The Mimicking of Known Successes
- Author: Malka Older
- Language: English
- Series: The Mossa and Pleiti Investigations
- Release number: 1
- Genre: Science fiction; mystery novel
- Set in: Jupiter
- Publisher: Tordotcom
- Publication date: 7 Mar 2023
- Publication place: United States
- Pages: 176
- ISBN: 978-1-250-86050-7
- Followed by: The Imposition of Unnecessary Obstacles

= The Mimicking of Known Successes =

2023 novella by Malka Older

The Mimicking of Known Successes is a 2023 science fiction mystery novella by Malka Older.
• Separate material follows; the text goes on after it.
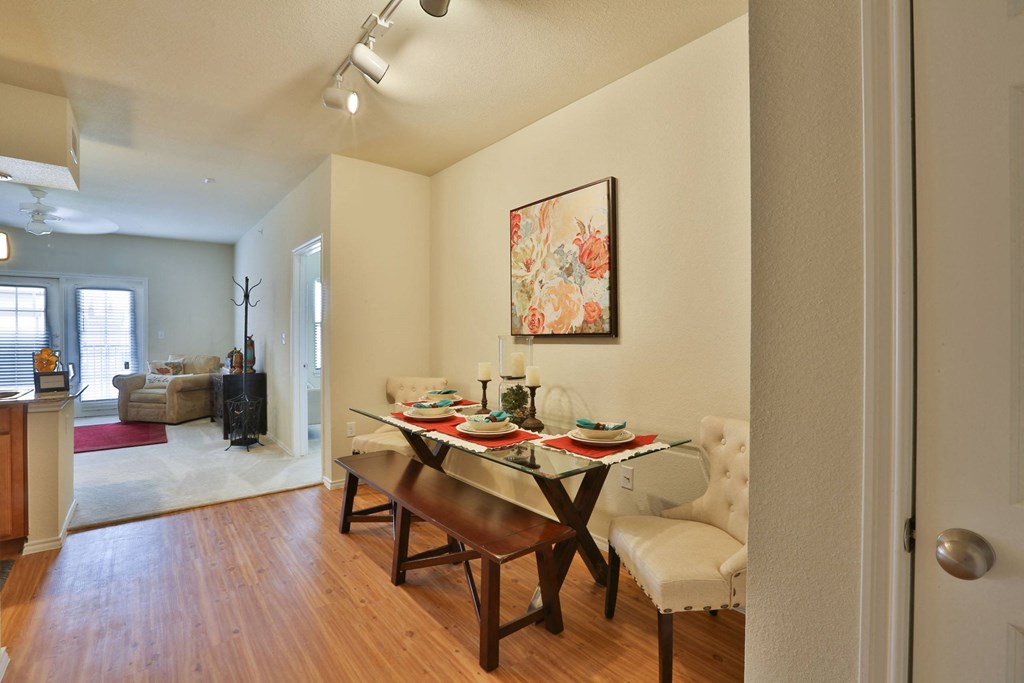 a dining room with a table and chairs and a living room at Cedars of Elk Drive 55+ Apartments, Burleson, 76028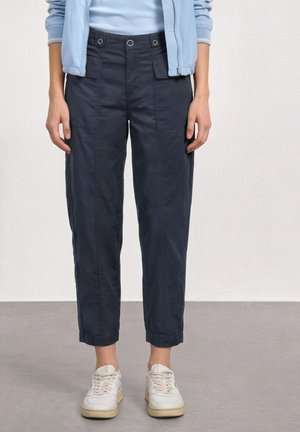 Personne portant un pantalon court bleu marine avec des poches avant, des baskets blanches, un haut bleu clair et une veste bleu clair, debout sur un sol gris.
It was well-received critically, becoming a finalist for the Hugo Award for Best Novella, Ignyte Award for Best Novella, Locus Award for Best Novella, and Nebula Award for Best Novella.

==Plot==

After Earth is rendered uninhabitable, humanity now lives on Jupiter, which they call "Giant." People live on floating platforms suspended in Jupiter's upper atmosphere, which are connected by a network of railcars and protected by atmospheric shields.

Investigator Mossa is sent to investigate the disappearance of a man from a remote platform. The man, Bolien Trewl, arrived on the platform and then disappeared before any further railcars arrived. Local citizens suspect that he either jumped to his death or was pushed. Mossa learns that Trewl was affiliated with Valdegard University, a prestigious institution where Classical scholars study the history of life on Earth.
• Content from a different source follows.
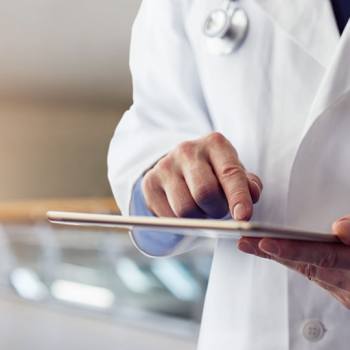 Automation: The Future of Work doctor holding a tablet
Mossa visits Valdegard University, where she enlists the help of her ex-girlfriend Pleiti in the investigation. Pleiti is a Classical scholar who hopes that her work will one day allow humanity to repair Earth's ecosystems and eventually resettle there. She anticipates that this slow-paced work will take centuries in order to ensure the highest chance of success. Mossa and Pleiti visit the Conservation Institute, informally called the "Mauzooleum", where scientists study reanimated Earth plants and animals. They learn that genetic material has recently been stolen from the Mauzooleum.
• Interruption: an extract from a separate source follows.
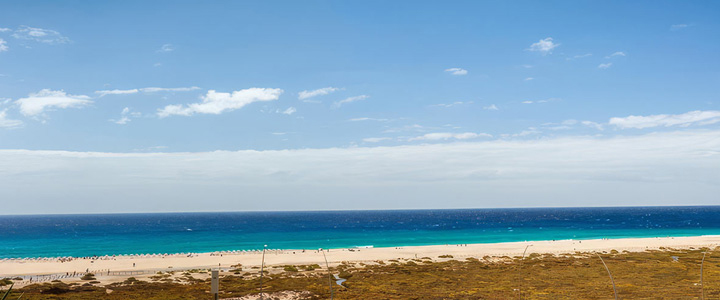 Weitläufiger, weißer Sandstrand vor tiefblauem Meer unter einem strahlend blauen Himmel – ideales Postkartenmotiv für einen Badeurlaub.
Mossa and Pleiti eventually track down Trewl, who had used a suspended railcar to escape from the platform undetected. They learn that he was collaborating with the rector of Valdegard University, who wishes to accelerate the timeline for restoring Earth's ecosystems so that he may experience life on Earth himself. The rector steals a rocket ship and flees with the stolen genetic material. Mossa and Pleiti rekindle their romance. The story closes by focusing on their renewed relationship, even as the rector's plan leaves the future of Earth uncertain.

==Style and major themes==

===Sherlock Holmes and C. Auguste Dupin===
Several reviewers have compared Mossa and Pleiti to famous fictional detectives, principally Sherlock Holmes (created by Arthur Conan Doyle) and C. Auguste Dupin (created by Edgar Allan Poe). E.G. Condé wrote that Mossa is "Older's answer to Sherlock Holmes", describing the character as "a cunning, lasso-wielding badass ... whose task as an Investigator is to solve the mystery of a man’s disappearance." Alexandra Pierce wrote that "Inspector Mossa and Pleiti are Holmesian analogues in the best way: they complement each other, they work well together, and Mossa in particular shares characteristics with Sherlock – but in a not-annoying way." Alex Brown of Reactor stated that "Mossa is the emotionally distant investigative intellectual who picks up on the tiny discrepancies that will eventually break the case wide open. Pleiti is the science-leaning assistant who may not be a genius but can still figure things out."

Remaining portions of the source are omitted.